The irony of seeking perfection is that it emphasizes imperfection. It positions setbacks as failures instead of learning opportunities, and says that more work is always needed. Low-reward tasks such as folding laundry or cleaning your room seem somehow far harder than they should. That’s because perfectionism isn’t a behavior, it’s a way of thinking about and speaking to yourself. Perfectionism isn’t about working hard or setting high goals. It’s that critical inner voice telling you that anything less than or not in progress towards those goals isn’t good enough.

Cornell students are not strangers to perfectionism, and unfortunately they are also familiar with the unsettling list of clinical issues such as depression, anxiety, OCD, eating disorders, chronic fatigue syndrome, insomnia, early mortality and  suicide, associated with perfectionism.

Even as I was slowly driven towards  burnout, I was afraid of giving up my perfectionism. I thought it’s what made me excel, and that my performance in all areas of life would suffer. Yet a 2016 meta-analysis of 43 studies on perfectionism and burnout found little to no benefit from having very high personal standards. Also, the more “maladaptive” the perfectionism, the more likely the possibility of  burnout.

These results were hard to hear because my perfectionism had become deeply entrenched in my sense of self. When I did something less than perfectly, I didn’t just feel mild disappointment; I felt shame and acute failure. I didn’t wash my dishes: I was a slob. I submitted a “subpar” paper: I had failed even if it was perfectly acceptable and just not my best. These feelings were so uncomfortable that I found the perfect (pun intended) tactic to avoid these feelings: eradicate all imperfectness from your life,you’ll never fail and you’ll never feel disappointment or self-loathing. When crafting this genius plan, I forgot to factor something in: life isn’t perfect. The result was a vicious cycle of failing to be perfect, berating myself, and then resolving to be even more perfect the next  time. Aside from being the definition of insanity, I was setting myself up for a never-ending loop of destructive self-criticism, anxiety, and depressive symptoms that only made the self-criticism worse.

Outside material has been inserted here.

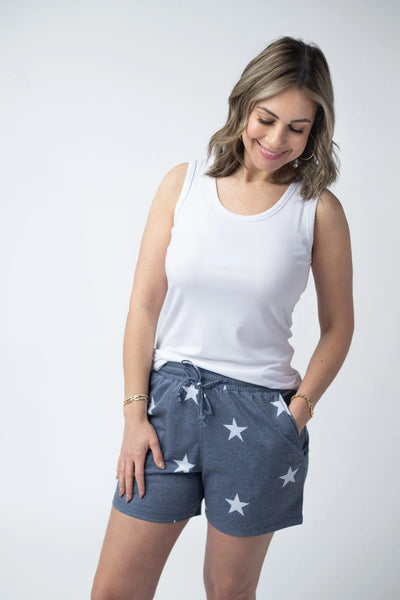Jamie Shorts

It was the worst ride I’ve ever been on and I didn’t even want off for the longest time.

Of course, for chronic perfectionists such as myself, this change is easier said than done. I find the best way to begin to challenge perfectionistic tendencies is twofold:

  1. Do something imperfectly (fold half your clothes, wash half your dishes, spend half your day working.)
  2. Think about yourself kindly, do what makes you feel good (go for a walk, watch Netflix, play a game) without expectations and tell yourself that you are doing a good thing for yourself because you deserve it.

When talking to friends about perfectionism, one of them said something that stuck with me: “It’s impossible to prioritize your mental well-being while trying to achieve perfection.” I couldn’t agree more. At its core, perfectionism is fear. Fear of not being good enough. Fear you’ll never do enough. Perfectionism gives you an illusion of control — but just  an illusion. Having fear drive your life choices wears down your confidence and self-image and can even leave you incapable of performing simple tasks. That’s no way to go about life. It’s exhausting, and you will lose track of the truly important things. So raise your standards. Stop trying to be perfect.